* **WORK REQUIRED**
The whole listing, pictures aside, should be reproduced exactly.

* **GIVEN DATA**

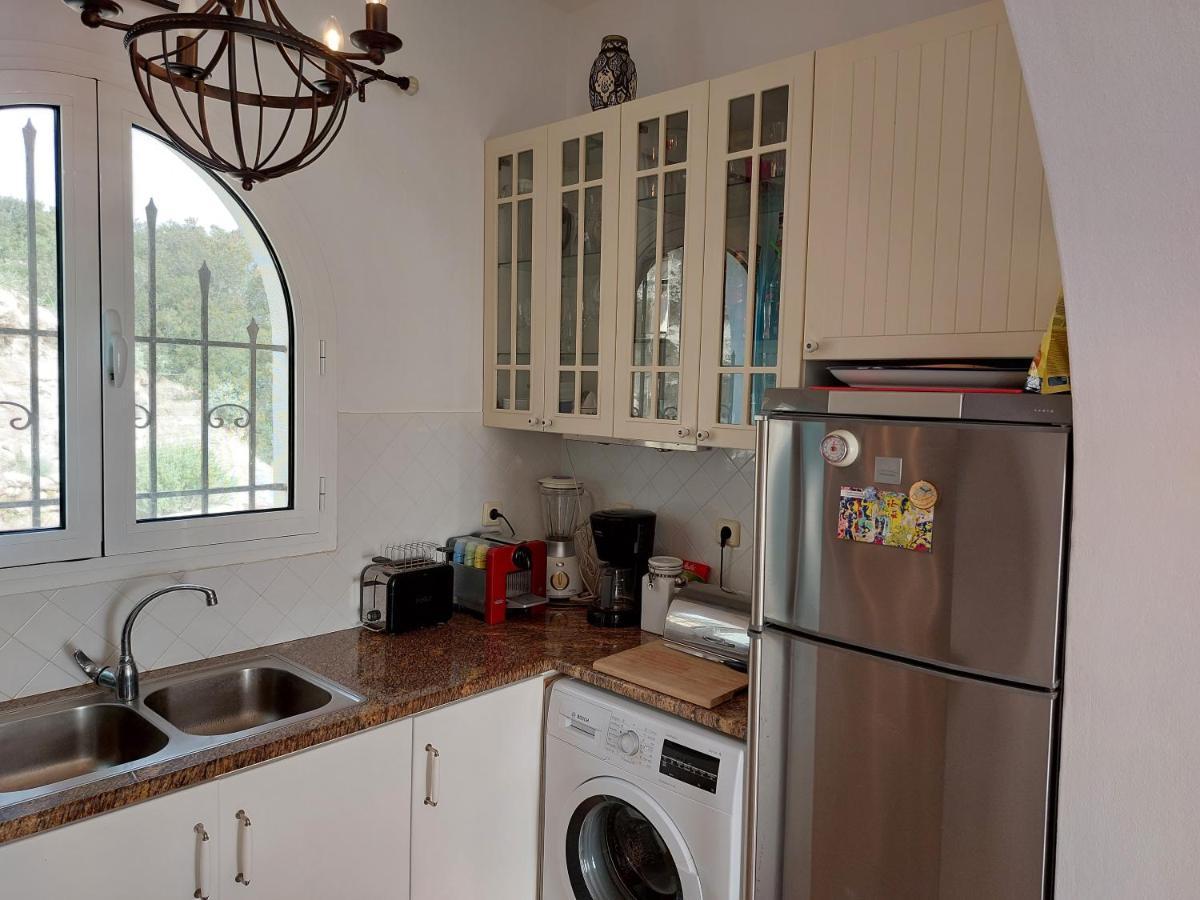 Tranquil Villa With Sea View In Ammopi Karpathos أموبي المظهر الخارجي الصورة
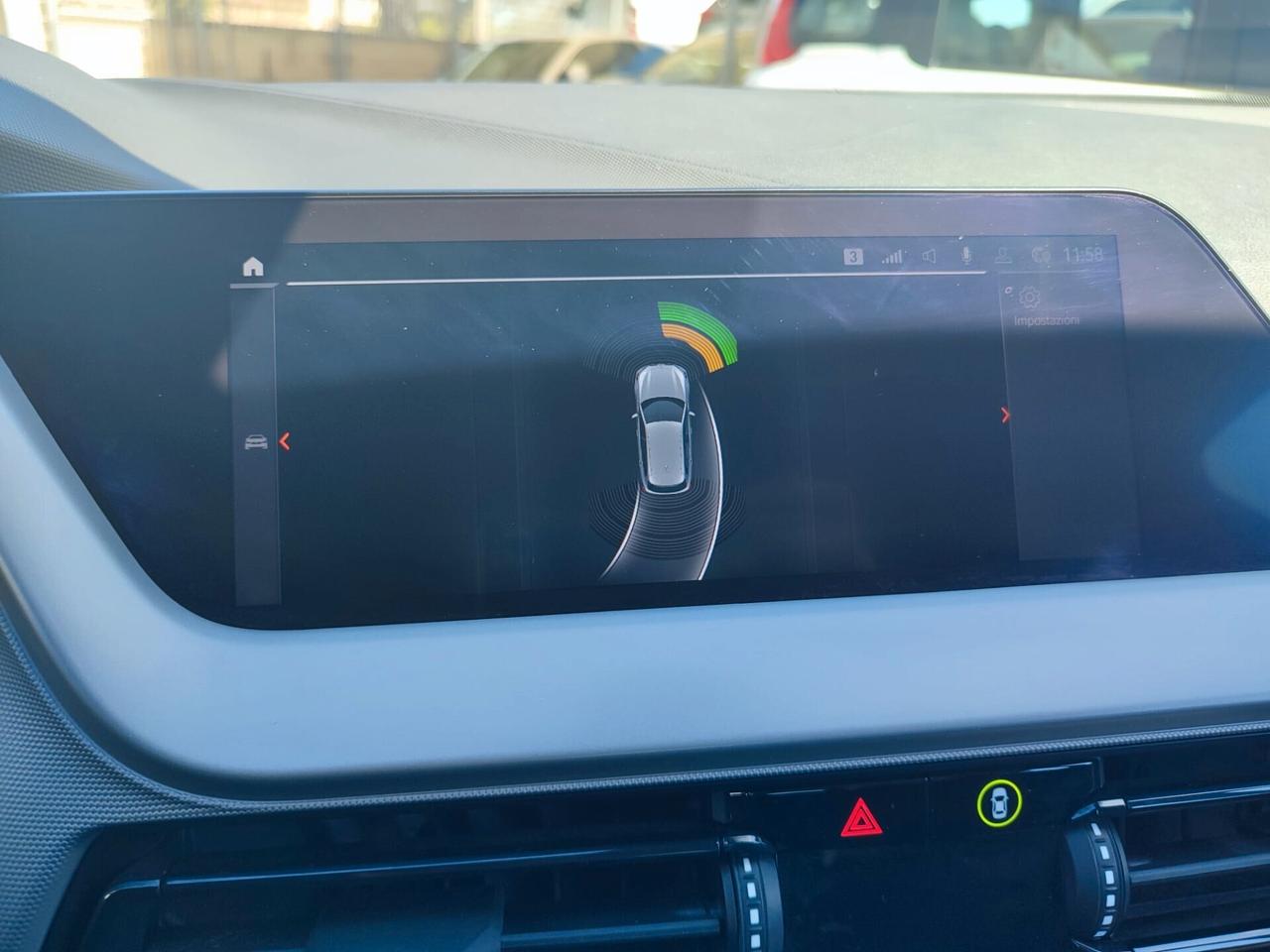 Bmw 116d Business Advantage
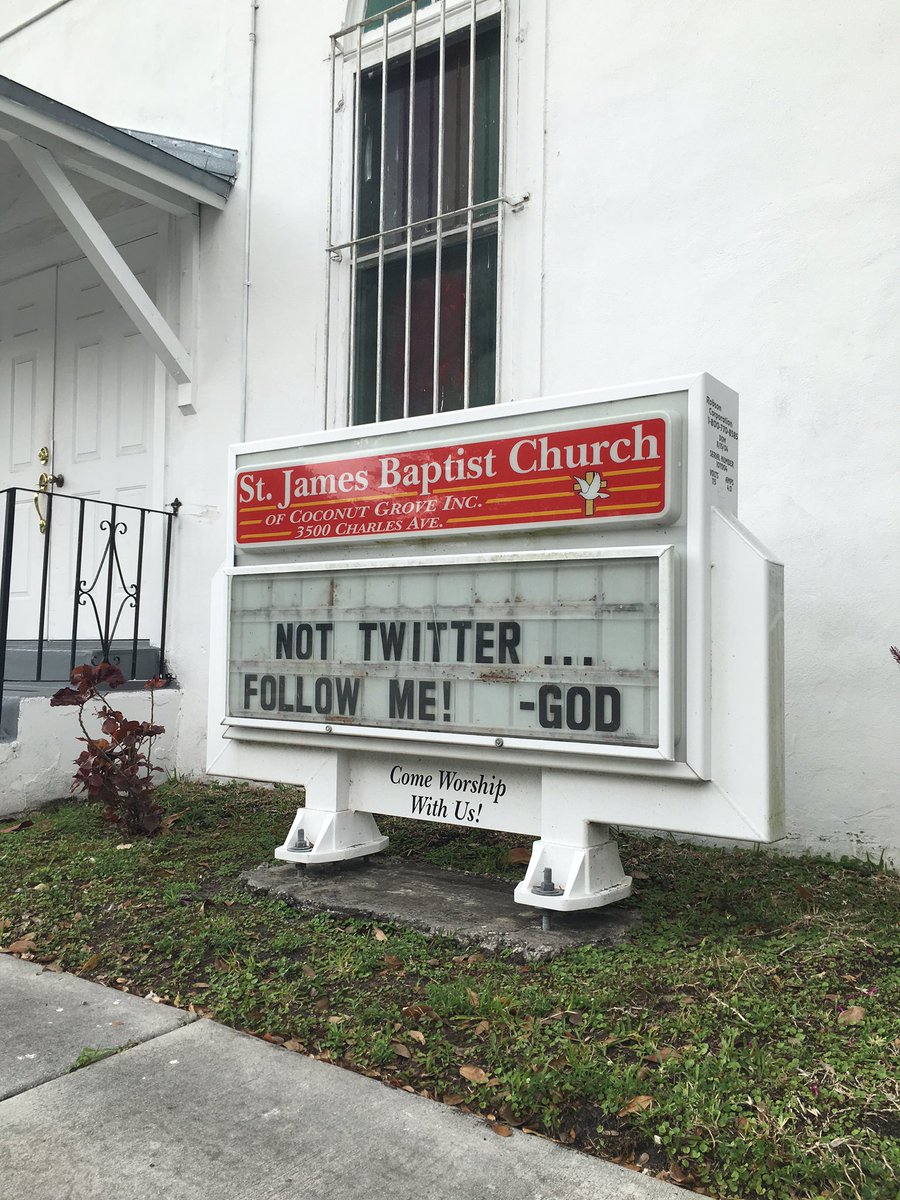 southflor's tweet photo. "FOLLOW ME" -God https://t.co/wqEU2WG0cE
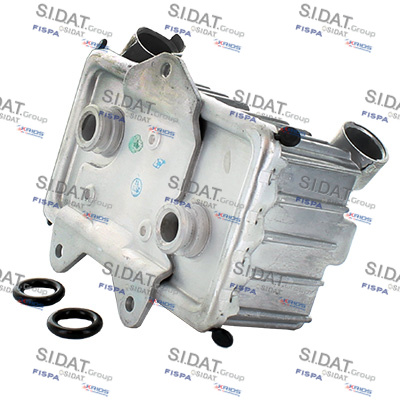 Radiatore olio, olio motore SIDAT 590022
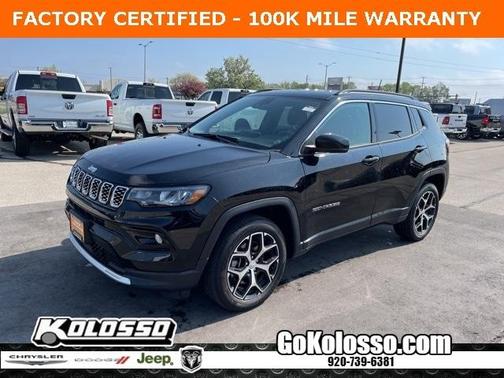 2024 Jeep Compass Limited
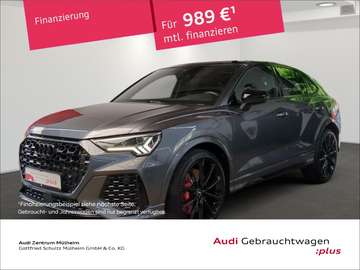Sportback 2.5 TFSI quattro Navi Matrix LED virtual
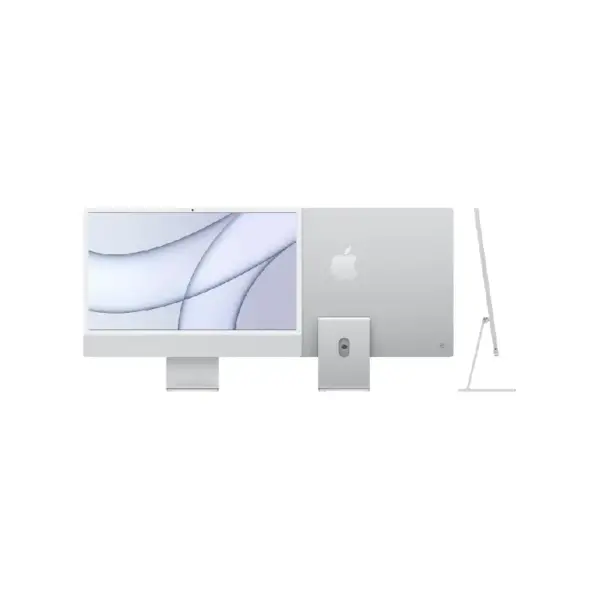 کامپیوتر آل این وان اپل 24 اینچی مدل iMac MCR24 M4 24GB RAM 512GB SSD - Image 6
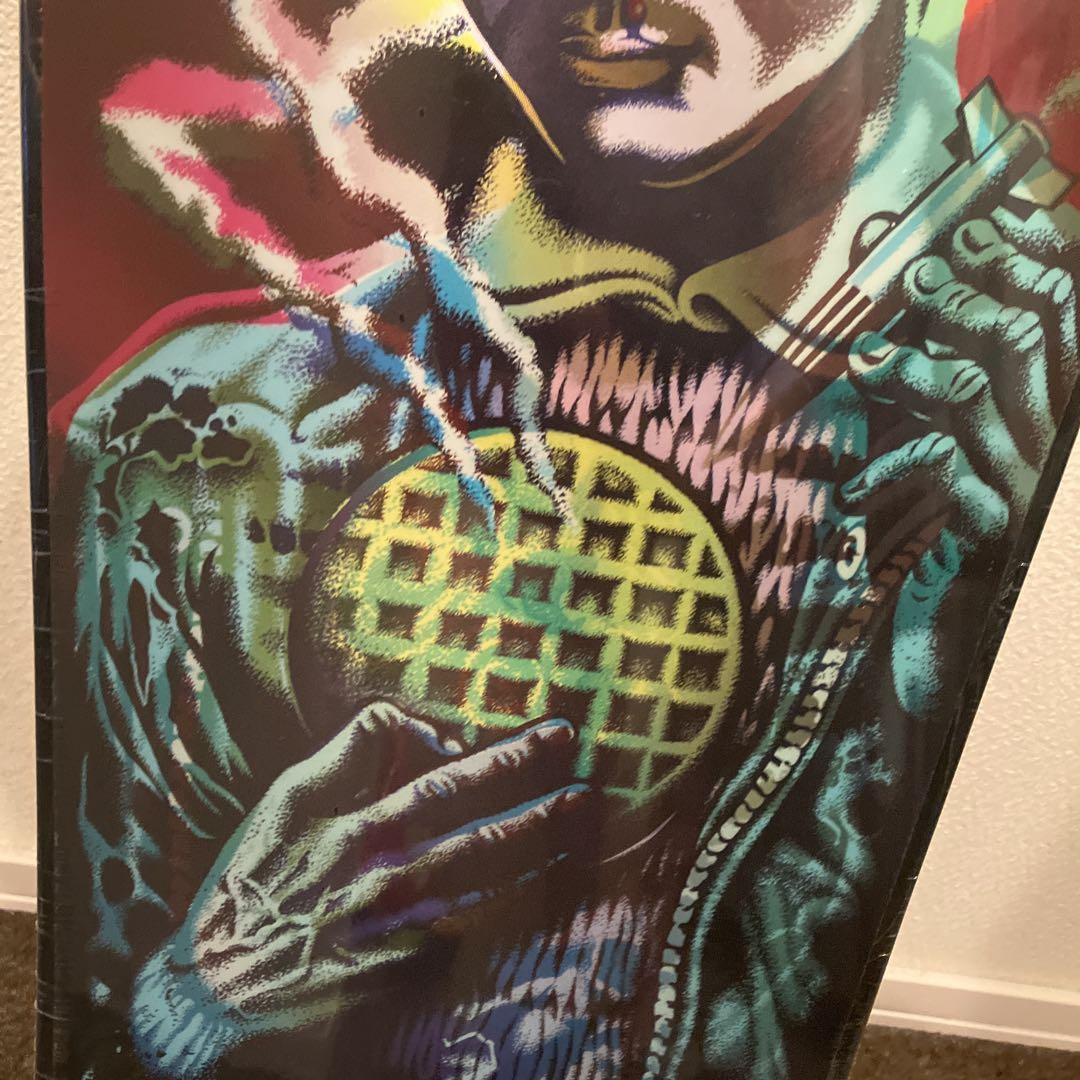 ストレンジャーシングス cruz サンタクルーズ　レア　ネットフリックス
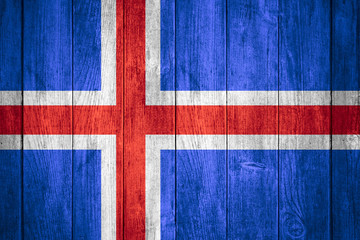 flag of Iceland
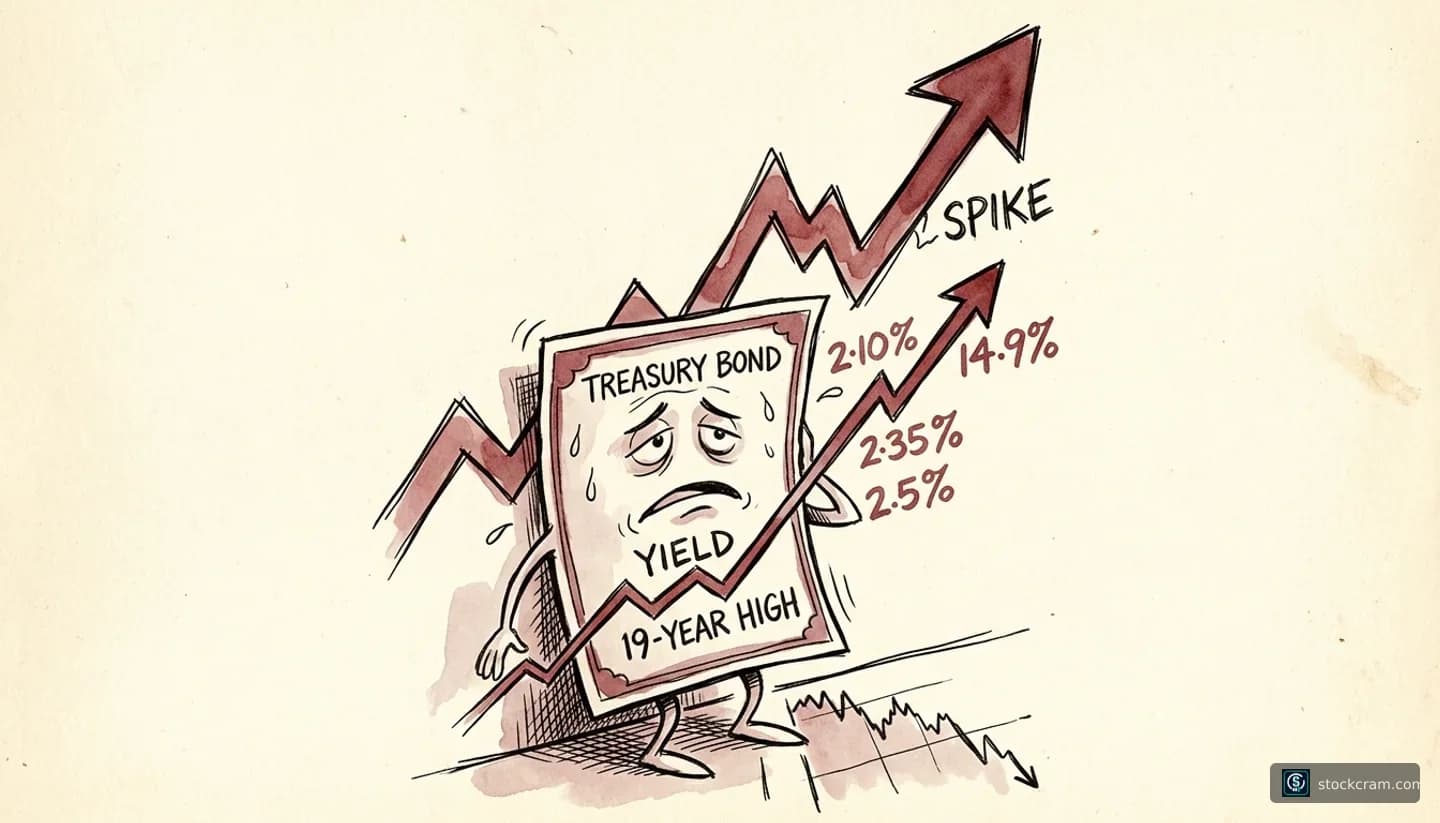 Bond Yields & Nvidia Earnings Preview | StockCram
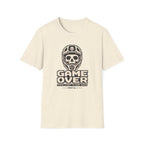 Game Over Press Start T-Shirt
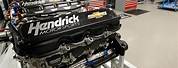 NASCAR Hendrick Motorsports Camaro Engine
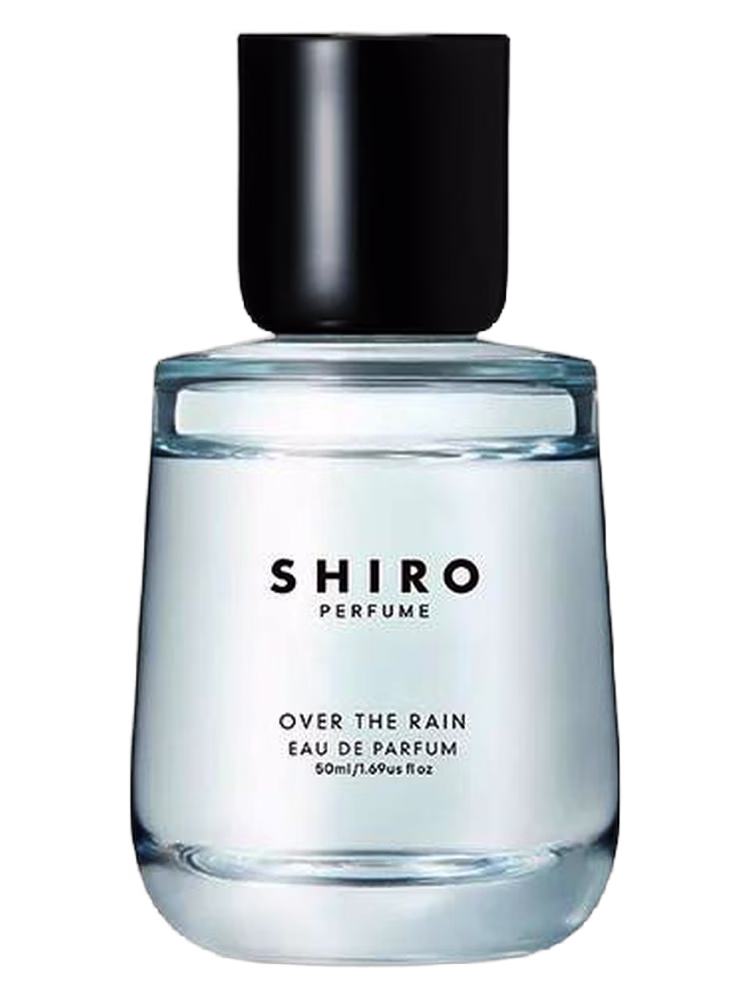Shiro Over the Rain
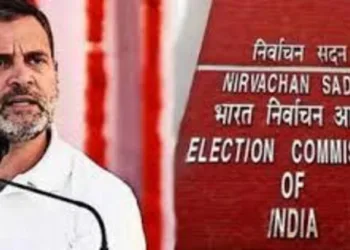 Election Comission of India(ECI) Challenges Rahul Gandhi to Prove his Allegations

* **FINISHED TASK**
 Tranquil Villa With Sea View In Ammopi Karpathos أموبي المظهر الخارجي الصورة
 Bmw 116d Business Advantage
 southflor's tweet photo. "FOLLOW ME" -God https://t.co/wqEU2WG0cE
 Radiatore olio, olio motore SIDAT 590022
 2024 Jeep Compass Limited
Sportback 2.5 TFSI quattro Navi Matrix LED virtual
 کامپیوتر آل این وان اپل 24 اینچی مدل iMac MCR24 M4 24GB RAM 512GB SSD - Image 6
 ストレンジャーシングス cruz サンタクルーズ　レア　ネットフリックス
 flag of Iceland
 Bond Yields & Nvidia Earnings Preview | StockCram
 Game Over Press Start T-Shirt
 NASCAR Hendrick Motorsports Camaro Engine
Shiro Over the Rain
 Election Comission of India(ECI) Challenges Rahul Gandhi to Prove his Allegations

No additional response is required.